Workers are living longer, and for pension plans, this means more payments and a bigger overall price tag on benefits.
In order for employers to estimate the cost of retirement benefits, they need to know a variety of characteristics about the current and future retiree pool, including how long a retiree will live. Recently, the Society of Actuaries released new mortality tables, aka death rate data on how long a person can be expected to live into retirement and continue collecting monthly benefits. The tables come from data collected from over one hundred primarily private pension plans and reflect more than 220,000 deaths and over 10.5 million years of life.

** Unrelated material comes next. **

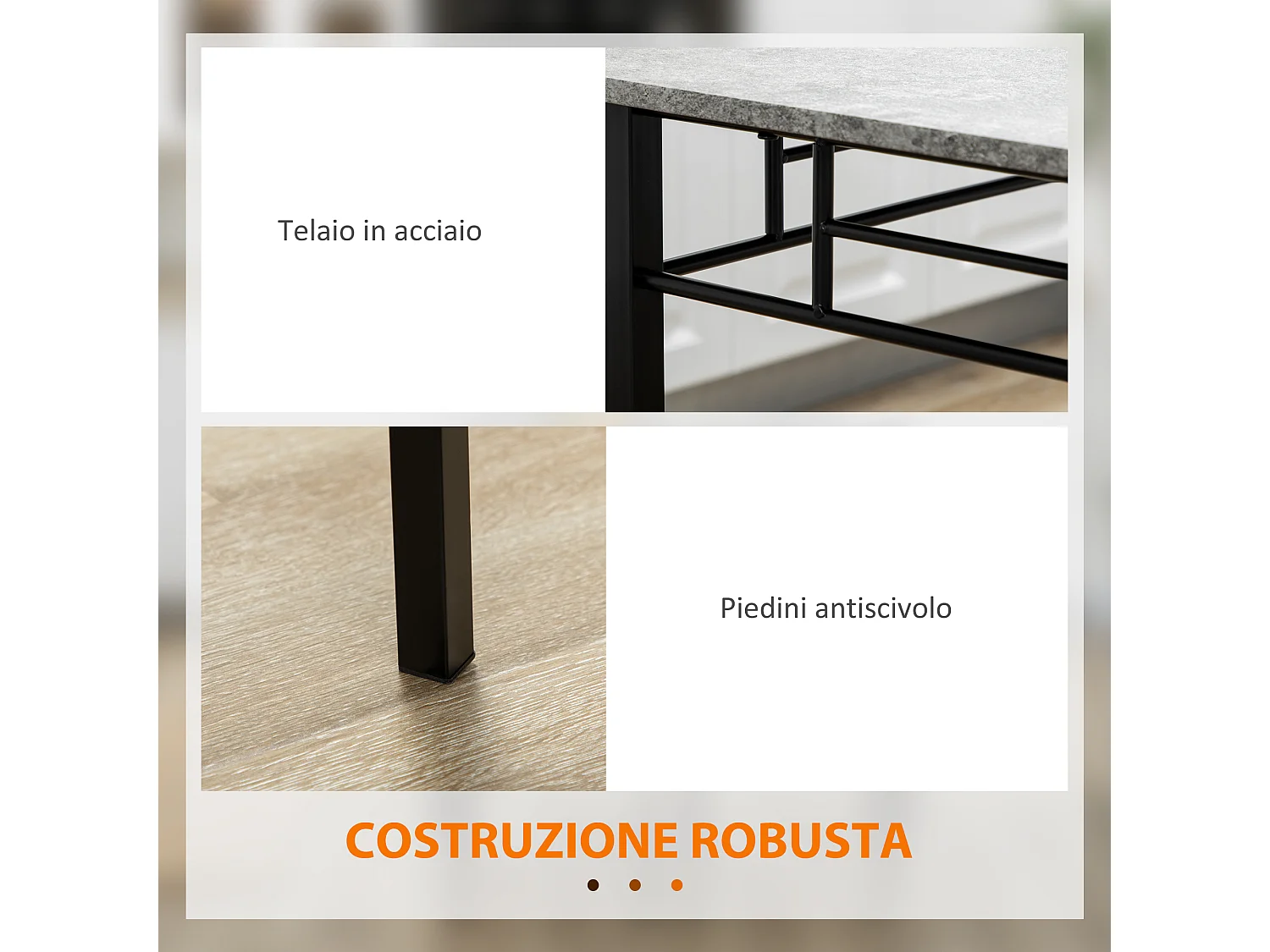 Set tavolo rettangolare 4 sedie da pranzo con seduta imbottita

It’s morbid, but this new death data has significant implications for the private pension plans who will likely use these new tables, and who have been otherwise using the older tables based on data collected from over 20 years ago. Some plan liabilities will go up by as high as 7 to 8 percent, other plans can expect a 3 to 4 percent increase depending on factors such as workforce composition (i.e., gender and age distribution). Females, for example, tend to have longer life expectancies, and so plans with predominantly female workers will be more affected, all else equal.
Although the report did not collect enough data to evaluate the impact on public pension plans, increased lifespans are certainly an important factor for public sector plans also, especially teacher pension plans which have a predominantly female workforce. And as life expectancies increase, stakeholders will need to responsibly prepare to take on higher retirement expenditures.